The Tide tallied 62 scores of 9.8 or better over its first three meets, which meant that Tuscaloosa Toyota donated $12,400 to ReadBAMARead prior to Alabama’s “Tornado Relief Meet” against Missouri on March 9, 2012. With Alabama Governor Robert Bentley on hand, David and Terri DeSantis presented Duckworth, Benjamin and ReadBAMARead with a check for $12,400 which Toyota Motor Sales USA augmented with a check for $10,000, for a total of $22,400.
“That was such an amazing night,” Duckworth said. “David DeSantis and everyone at Tuscaloosa Toyota are so incredible and their support of ReadBAMARead throughout the season had already made such a huge difference, so when they presented the second check, I was just speechless.”
With donations like the one made by Tuscaloosa Toyota, along with partnerships with The Color Run and the Tuscaloosa Half Marathon, ReadBAMARead met its initial goal of raising enough money for 10,000 bound, library-quality books – at a cost of approximately $15 each – for the rebuilt schools in June 2014. Meeting its goal in just three years was a huge milestone for the foundation, but it was just the start.
“We were so excited to cross that original threshold and help the schools that had their libraries destroyed get back on their feet,” Duckworth said. “Now we’ve turned our attention to the next phase.”
That next phase is to expand the foundation’s mission to include a larger, more expansive constituency.
“To me, readers are leaders and so ReadBAMARead is expanding and bolstering its support at the elementary school level,” Duckworth said. “By doing that, we’re hoping to foster a love of reading in the next generation so that they build a foundation that will carry them through the rest of their lives.”
With its initial goal met in 2015, ReadBAMARead turned its attention to childhood literacy with the state as a whole and is now partnered with The University of Alabama College of Education, through the Belser-Parton Literacy Center, and the UA Department of Athletics to power The ReadBAMARead Express, which brings books to the youngest students in Alabama’s school systems, helping ignite an interest in reading that will hopefully last a lifetime.
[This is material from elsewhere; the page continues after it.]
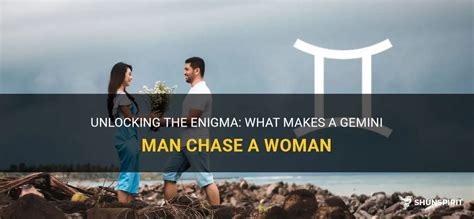 Will a Gemini man chase a woman?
The ReadBAMARead Express partnership is primed to provide books and reading motivation to thousands of children each year, helping provide a stronger base for tomorrow’s Alabama.
“One of the really neat things about ReadBAMARead, is that people from all walks of life have gotten involved, either with the foundation itself or in supporting it through things like the Tuscaloosa Half Marathon and The Color Run,” Duckworth said. “I think everyone recognizes the importance of education and that reading is the key to a great education.”
Overall, ReadBAMARead is looking to expand and grow literacy at the earliest ages throughout the state of Alabama.
The mission of ReadBAMARead falls in line with the ideal of Alabama gymnastics.
“As student-athletes, our ladies strive every day to be the best that you can be,” Duckworth said. “And through ReadBAMARead, we are helping children in this area strive for that same ideal and I couldn’t be prouder of that fact.”